Data for this exercise:
Content starts
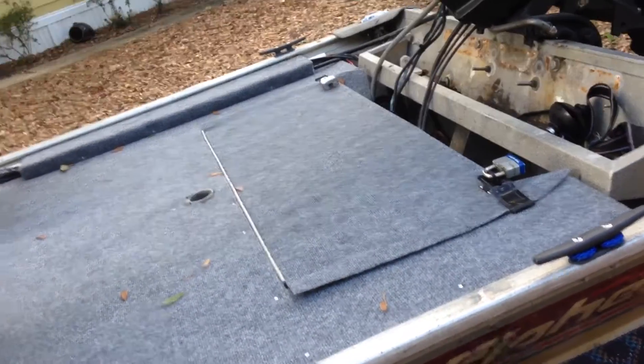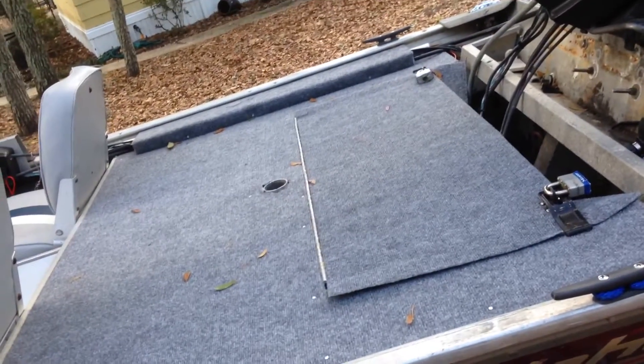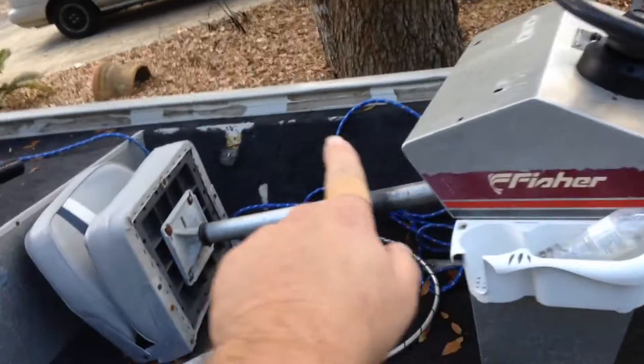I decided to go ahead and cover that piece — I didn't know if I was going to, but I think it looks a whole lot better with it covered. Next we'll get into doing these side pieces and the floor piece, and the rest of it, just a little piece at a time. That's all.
Content ends
Content starts
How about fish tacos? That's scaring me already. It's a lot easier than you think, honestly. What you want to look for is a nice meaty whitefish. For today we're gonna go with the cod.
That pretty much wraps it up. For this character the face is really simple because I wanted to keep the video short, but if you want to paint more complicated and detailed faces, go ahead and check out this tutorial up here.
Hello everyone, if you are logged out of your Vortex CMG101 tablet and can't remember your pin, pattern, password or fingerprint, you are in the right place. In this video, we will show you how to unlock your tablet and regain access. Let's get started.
Content ends
Content starts
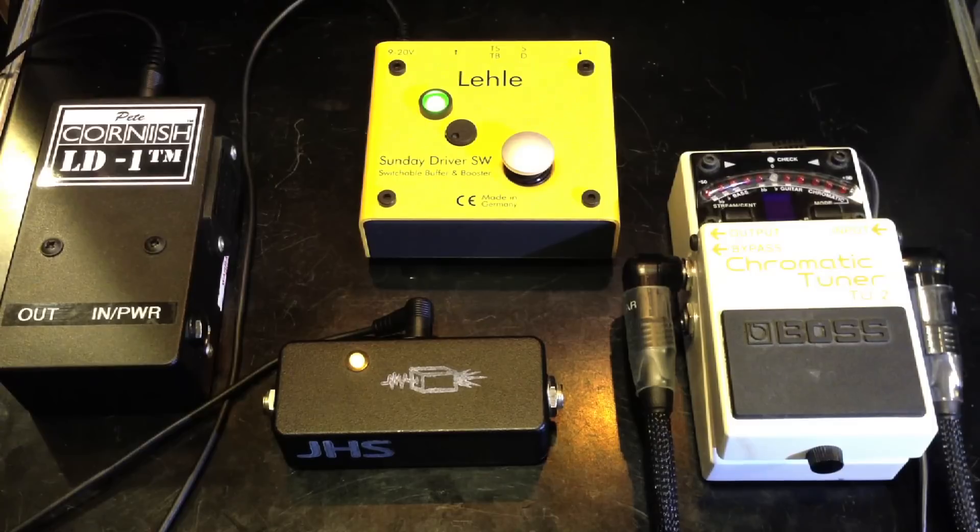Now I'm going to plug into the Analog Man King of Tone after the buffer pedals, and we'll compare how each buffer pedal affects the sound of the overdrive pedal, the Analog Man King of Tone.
Content ends
What is expected:
Lines with the word "video": how many appear in the data? State only the number.

Result of the exercise:
2